A quick scan of recent Africa headlines in the international media provides a stark reminder of how vulnerable parts of the continent remain to crisis. Whether it is the Ebola outbreak in West Africa, a major terrorist attack in Kenya or the death or toppling of a longstanding president, the ripple effect on businesses can be significant.
It is generally hard to generalise when exploring risk trends across Africa given the continent’s diverse make-up. But looking at why the region has proven particularly crisis-prone, a few structural factors stand out. Firstly, politics are often still dominated by identity over policy, and individuals frequently trump the institution, hampering the strengthening of state structures and their ability to respond to crisis or volatility. Secondly, at the grass-roots level, burgeoning demographics in a context of limited development creates strong upwards pressures on these dysfunctional state systems. Perhaps most importantly, in all areas, a lack of resources hampers the ability of governments to both prevent crises from occurring and respond effectively when one does unfold.
Against this backdrop, there is a pressing need for robust planning to ensure business resilience when adapting to fast-changing situations on the ground. An unfolding crisis provides a hugely challenging situation to adapt to. Nevertheless, businesses which have assigned responsibilities, tested presumptions and practicalities, and prepared their internal structures and processes to respond will likely fare better than those that lack adequate policies and measures or simply haven’t considered how these might be practically implemented on the ground. Such companies will typically find themselves overwhelmed by events as internal dysfunction undermines their ability to adapt and respond to fast-paced change.
Taking the example of the recent Ebola outbreak in West Africa, companies were faced with a rapidly deteriorating situation which was unnerving staff and preventing business as usual. Many smaller companies which either lacked an ability to respond or lacked the commercial incentive to remain simply declared force majeure and withdrew their staff. For those companies which remained, they faced service gaps, disruption to travel and supply chains, and security concerns for remaining staff. Yet even in this state of turmoil, some businesses were able to adapt relatively well by ensuring strong communication lines between corporate and in-country teams, effectively allocating responsibilities to ensure that business continuity and crisis management plans became a reality, not just a paper policy sitting on file.

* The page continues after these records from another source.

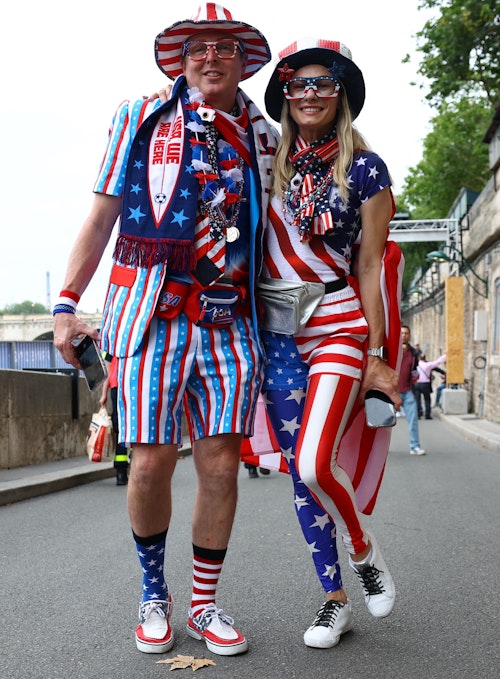 Fans bedecked in stars, stripes and miniature Eiffel Tower hats to celebrate Olympics opening 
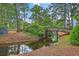 Scenic view of a community with a charming bridge over a creek surrounded by lush greenery and mature trees at 1115 Shadow Lake Cir, Mount Pleasant, SC 29464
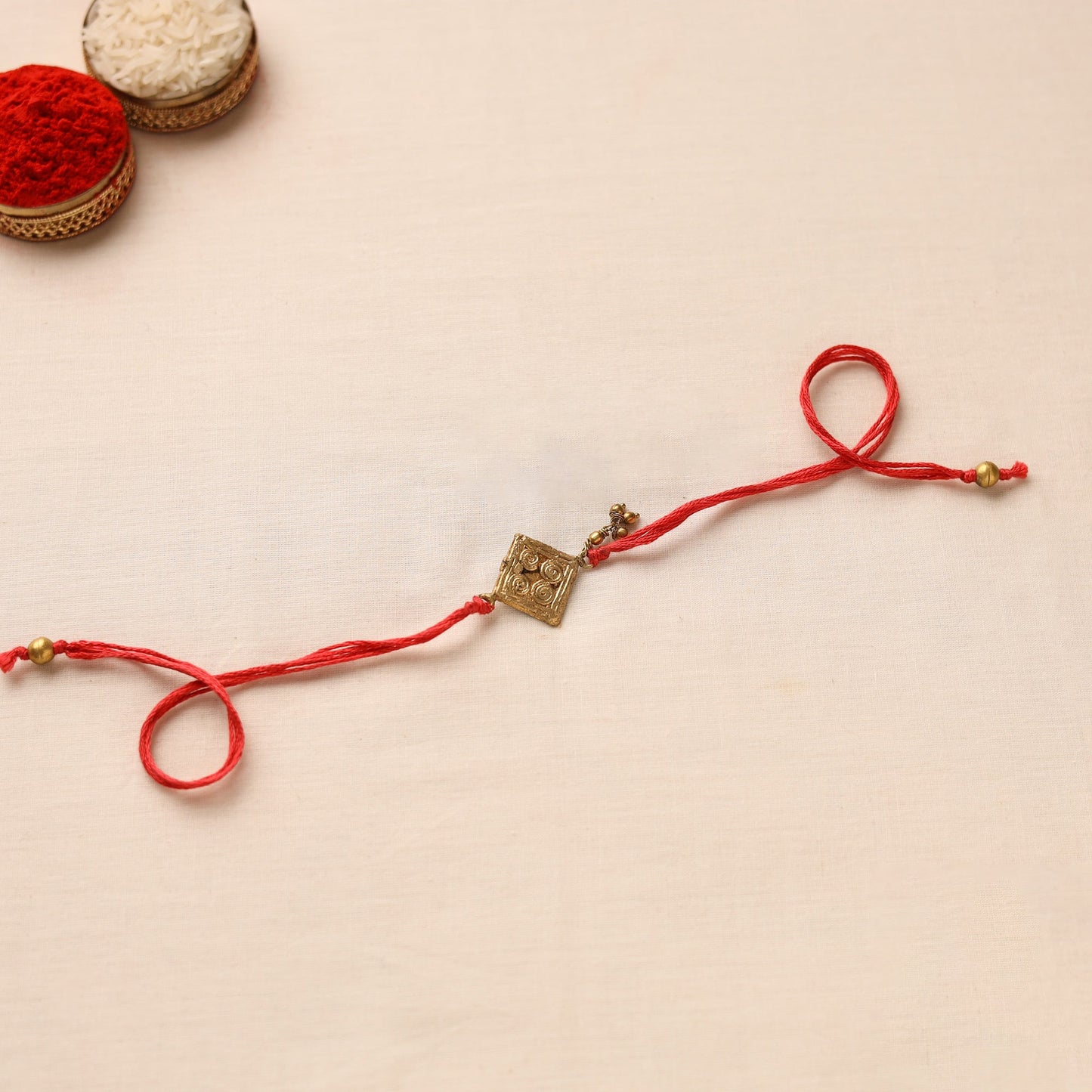 Tribal Dokra Craft Brass Rakhi by Miharu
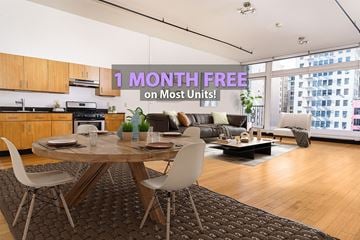 Los Angeles apartment for rent - A modern living room with a dining table and chairs is on sale for 1 month free on most units.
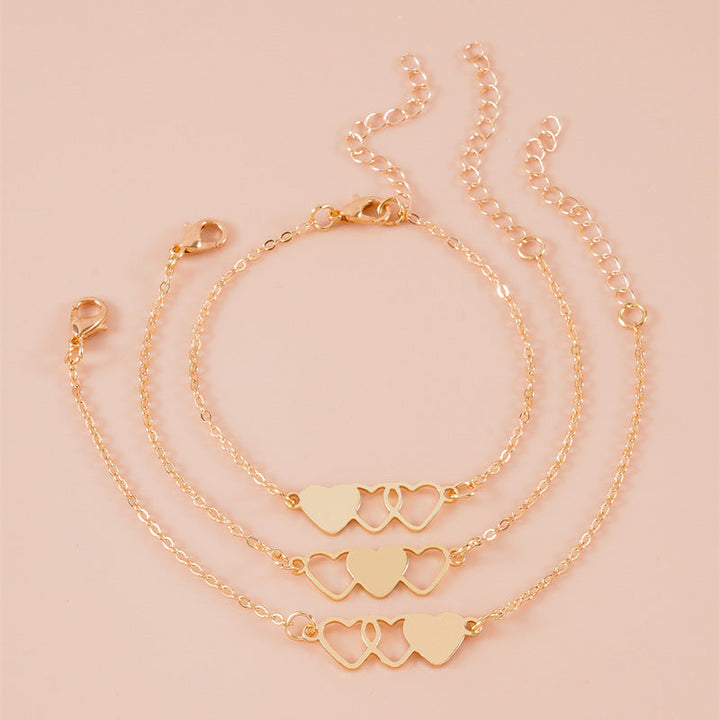 Women's anklet with playful heart motifs and delicate chain structure Nin Boutique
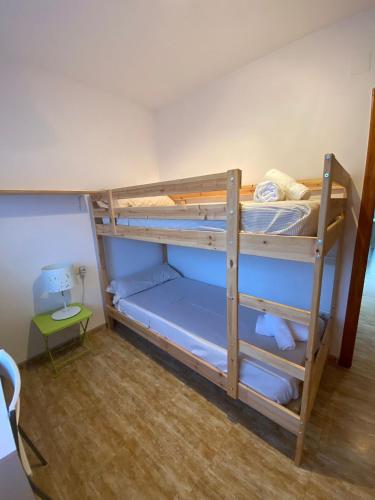 two bunk beds in a room with a table at Casa Mario & Amaya in Riumar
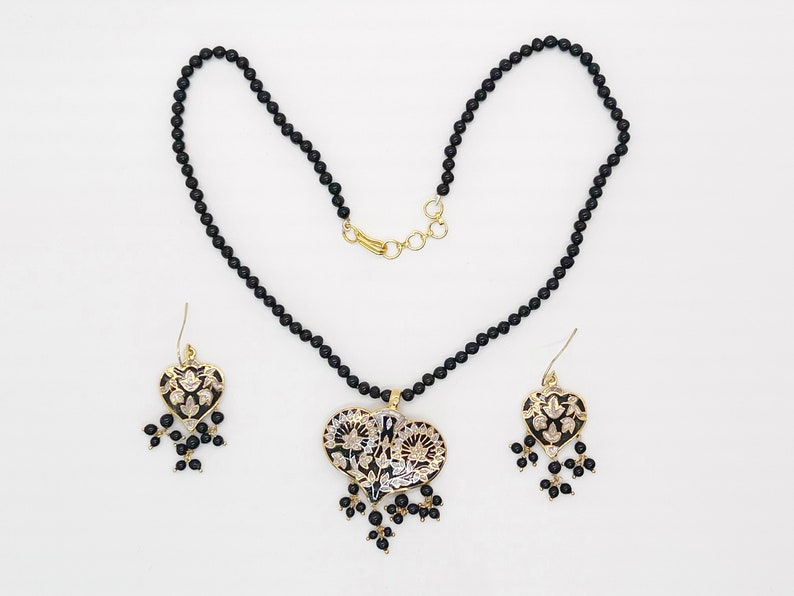 May include: A black beaded necklace with a gold heart pendant featuring intricate floral designs. The pendant has black and white enamel detailing. Matching earrings with the same design are included.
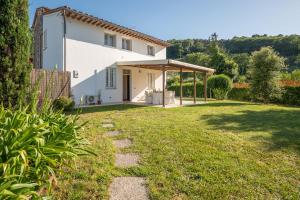 a view of a house with a grass yard at Casa Le Camelie idromassaggio e relax Lucca in Capannori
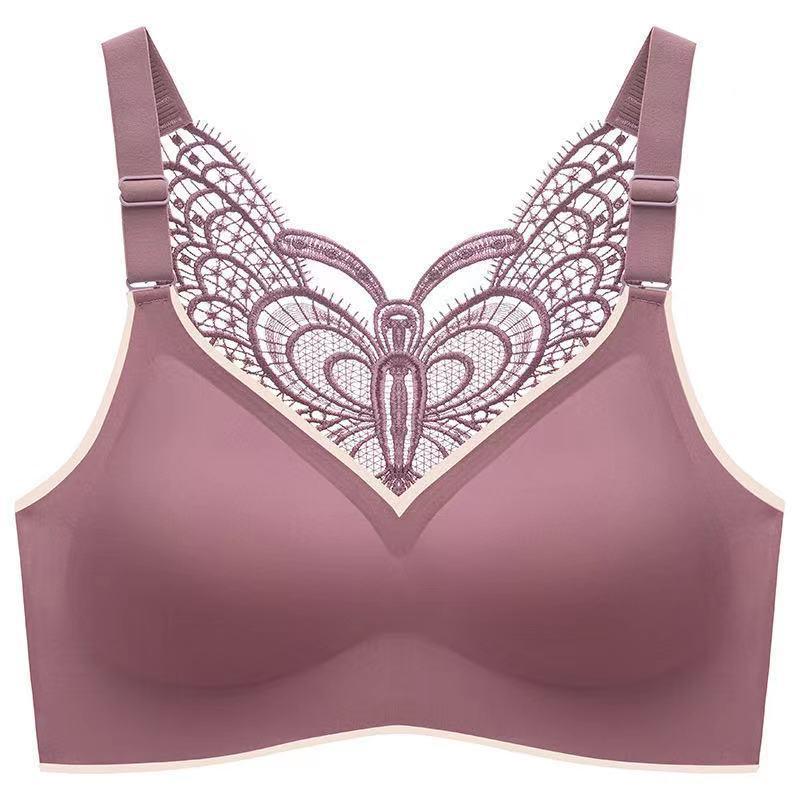 "Kvinnors trådfri butterfly bh, mjukt material, i svart och lila, ger komfort och stil för daglig användning."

In other countries like Mali or Burkina Faso which have recently witnessed instability, the government’s overthrow created both immediate needs to ensure the safety of staff, and broader requirements to manage the fallout of turbulent political change. Much of the effort centred on external communications to manage investor unease and avert a breakdown in government relations. In such situations, politically-connected companies can become heavily exposed to scrutiny or sanction. But those which have developed broad-based institutional relations can actually play a part in restoring business normality by helping to preserve industry interests through constructive engagement with incoming authorities.
We remain enthusiastic about Africa’s economic prospects, even taking into account challenging global conditions in the extractives sector. Yet businesses looking to develop their footprint in the region will need to make crisis planning a key ingredient of the broader risk management approach. Planning for the worst and hoping for the best is probably a sound approach in any market. But in the African context where crisis is a more routine feature of the operating environment and there are fewer safety nets to catch you when you fall, it will likely prove a cherished safeguard from organisational mismanagement which can resonate negatively across the business.